Technology and transaction moves are being used to diversify the business beyond natural-diamond equipment and services. Gjepc reports Sarine signed a Letter of Intent to acquire a majority stake in Kitov.AI, describing Kitov.AI's systems as streamlining inspection "through AI-based automation, reducing implementation time and enhancing accuracy" and positioning Sarine to enter electronics, automotive and aerospace markets. Rapaport separately reports Sarine "acquired 33% of Kitov.ai in August" and says the company developed a QA/QC system that can help Sarine expand into fields beyond the diamond sector. The two accounts were reported side-by-side in source material but are not reconciled to a single transaction timeline in public summaries.

AI-generated illustration
AI-generated illustration

Accounting and product notes help explain year-on-year volatility. Gjepc states Sarine "capitalised on development costs related to LGD grading and benefitted from valuation adjustments in GCAL put/call options," moves that contributed to the FY2024 profit; Rapaport’s reporting referenced the company's DiaExpert data machine as part of its product suite but did not quantify product-level revenue contribution.

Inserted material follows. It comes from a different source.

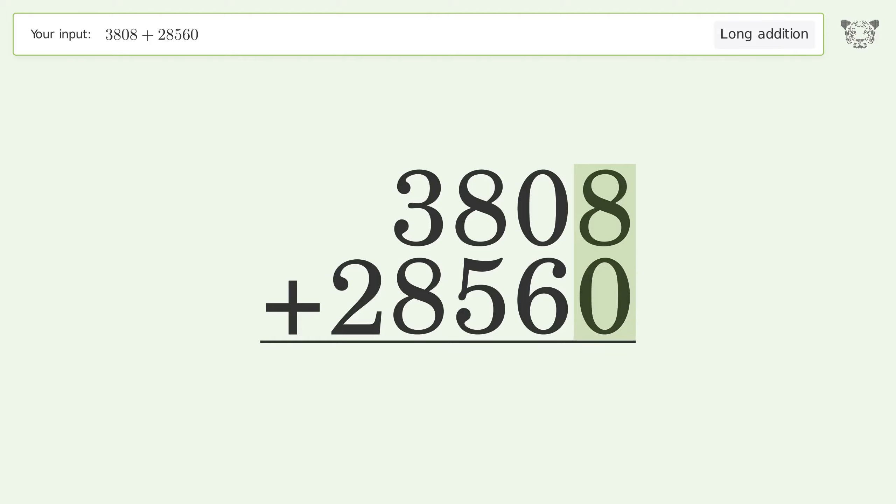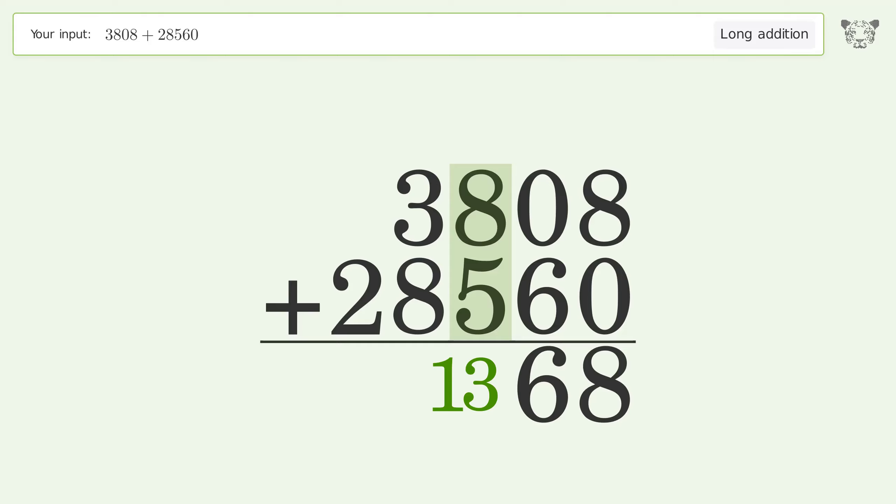8 plus 0 equals 8. 0 plus 6 equals 6. 8 plus 5 equals 13 — carry 1 to the thousands place.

IDEX’s industry brief restated the FY2025 headline figures and outlined management’s immediate actions and strategic options; the IDEX excerpt in the supplied brief includes the fragment "Sarine expects roughly US$1.5M of a", a partial line that signals further detail is either confidential or omitted from the summary. As Sarine shifts manufacturing to India and pursues AI-driven QA/QC partnerships, the company is moving to trade volatility in natural-diamond equipment for recurring services and cross-industry technology revenue - a pivot that will determine whether the FY2025 loss is a pause or the start of a deeper restructuring.